◆ **Instructions to follow**:
If pictures appear in the lines below, skip them and copy exactly the lines from the one containing "VINTAGE POSTCARD St" through the one containing "Brioni Jurk met ceintuur Beige", and nothing else.

◆ **Input for this task**:
:::

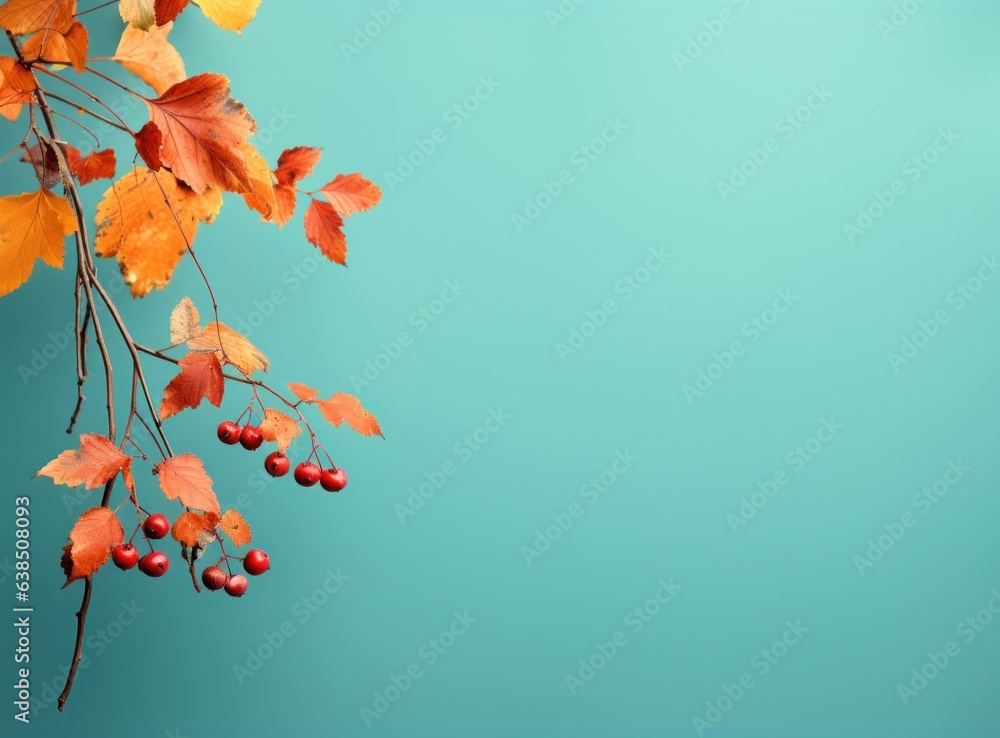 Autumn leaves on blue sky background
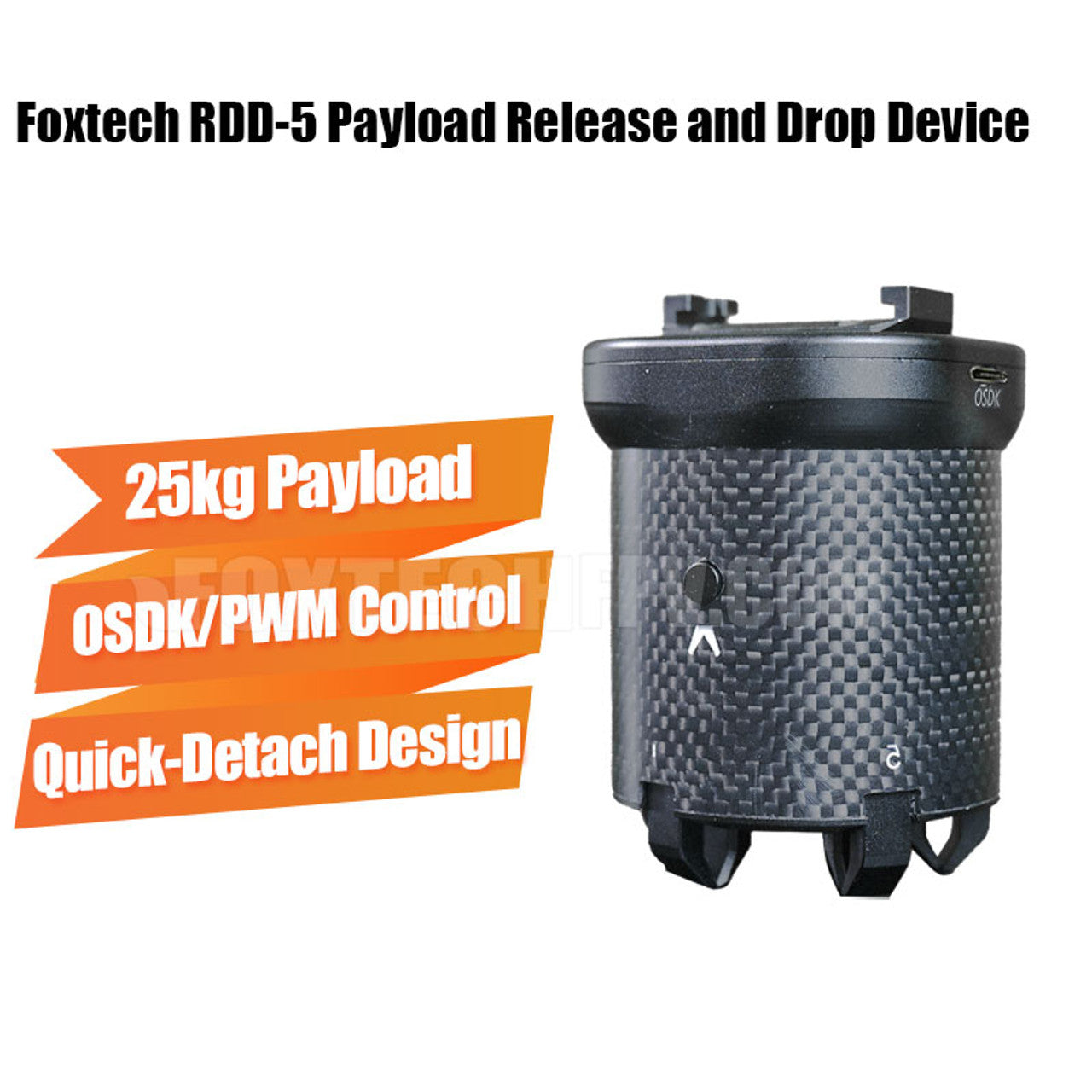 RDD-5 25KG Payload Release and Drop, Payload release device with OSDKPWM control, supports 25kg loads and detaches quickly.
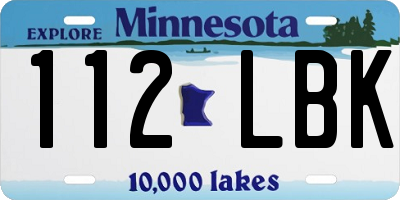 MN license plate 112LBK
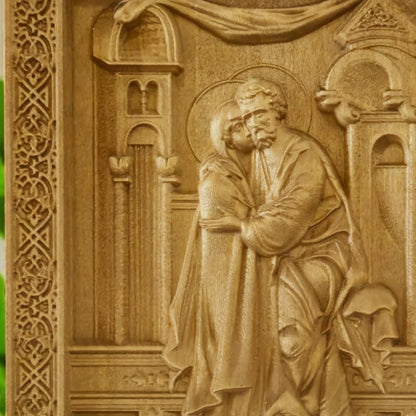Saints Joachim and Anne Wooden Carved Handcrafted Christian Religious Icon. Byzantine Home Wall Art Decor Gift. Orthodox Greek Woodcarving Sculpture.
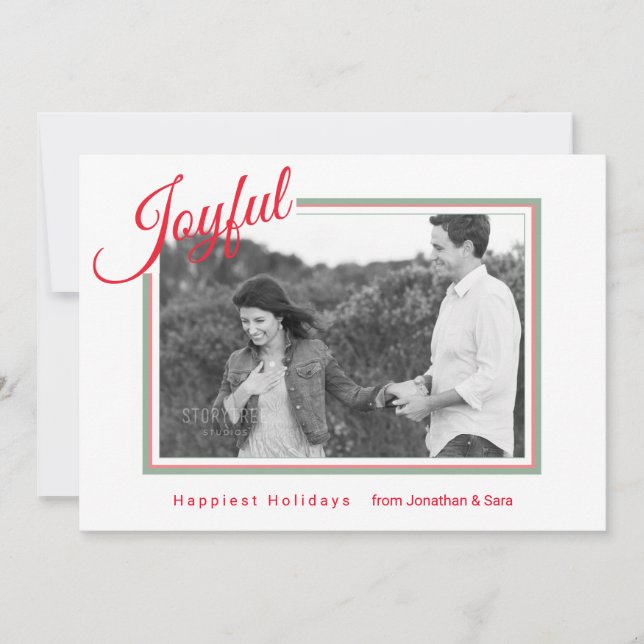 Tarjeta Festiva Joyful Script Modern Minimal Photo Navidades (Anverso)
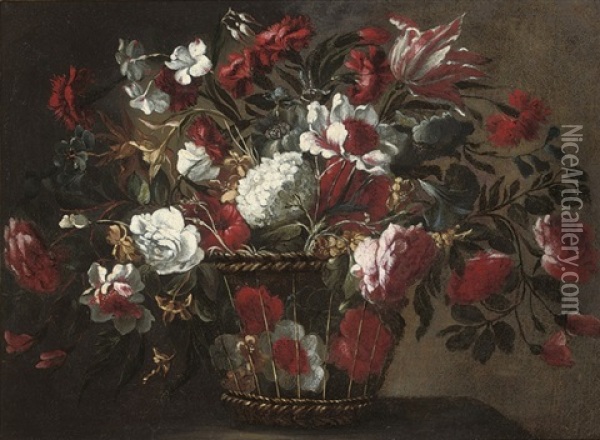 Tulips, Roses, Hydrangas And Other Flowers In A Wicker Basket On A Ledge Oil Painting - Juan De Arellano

:::

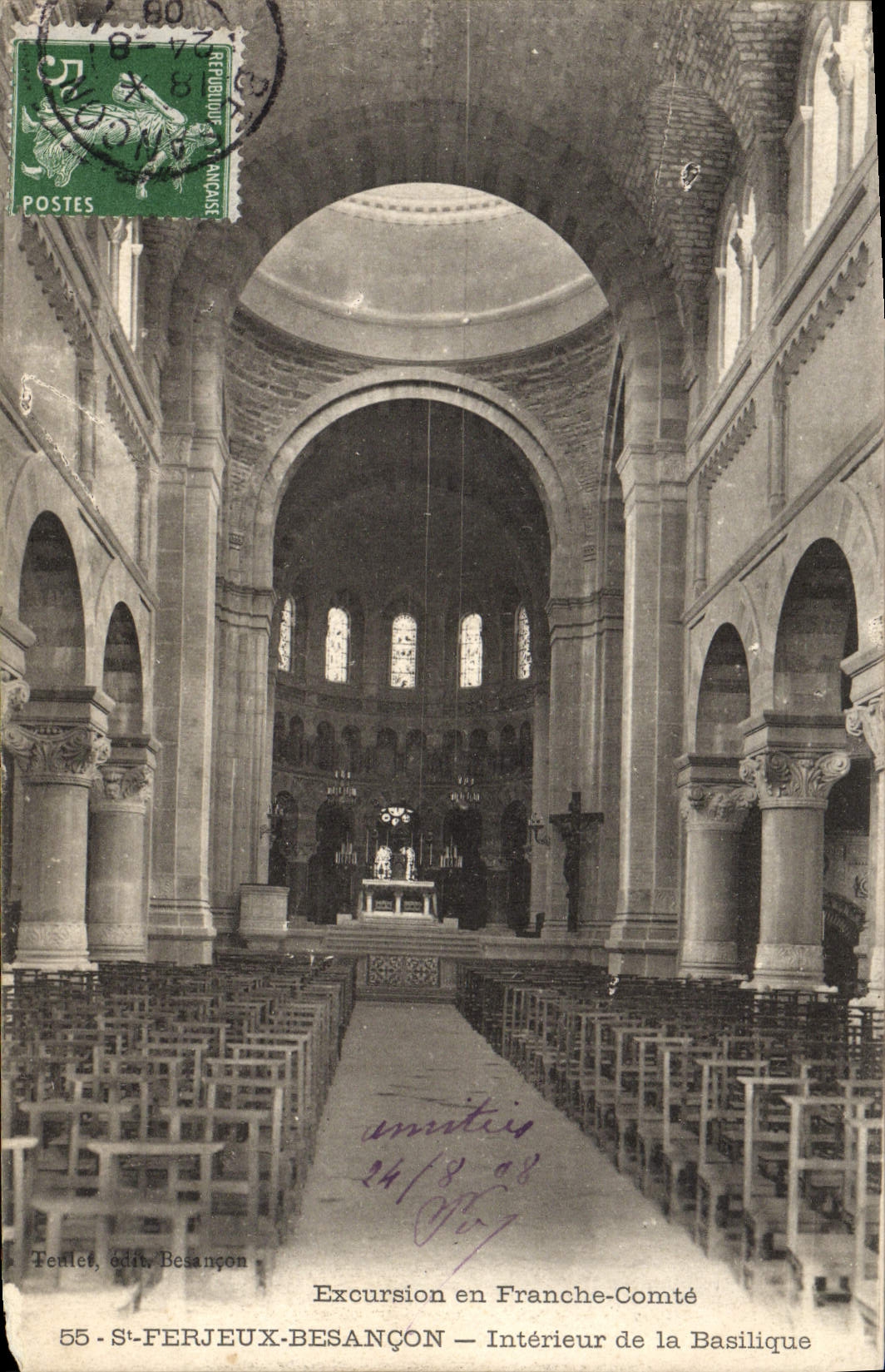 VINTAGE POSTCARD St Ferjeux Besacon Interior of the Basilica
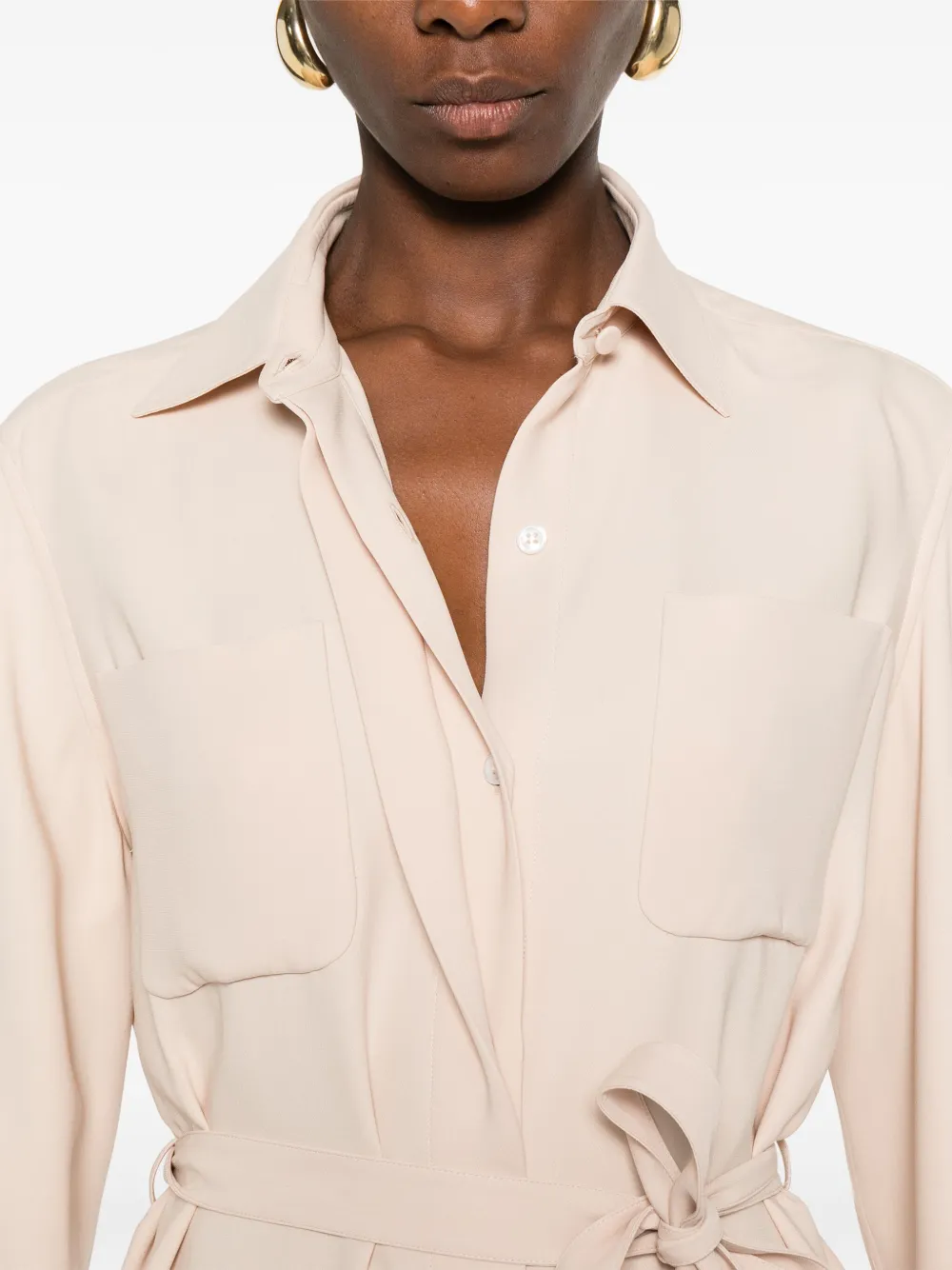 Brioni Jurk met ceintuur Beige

:::

◆ **Solution to this task**:
 VINTAGE POSTCARD St Ferjeux Besacon Interior of the Basilica
 Brioni Jurk met ceintuur Beige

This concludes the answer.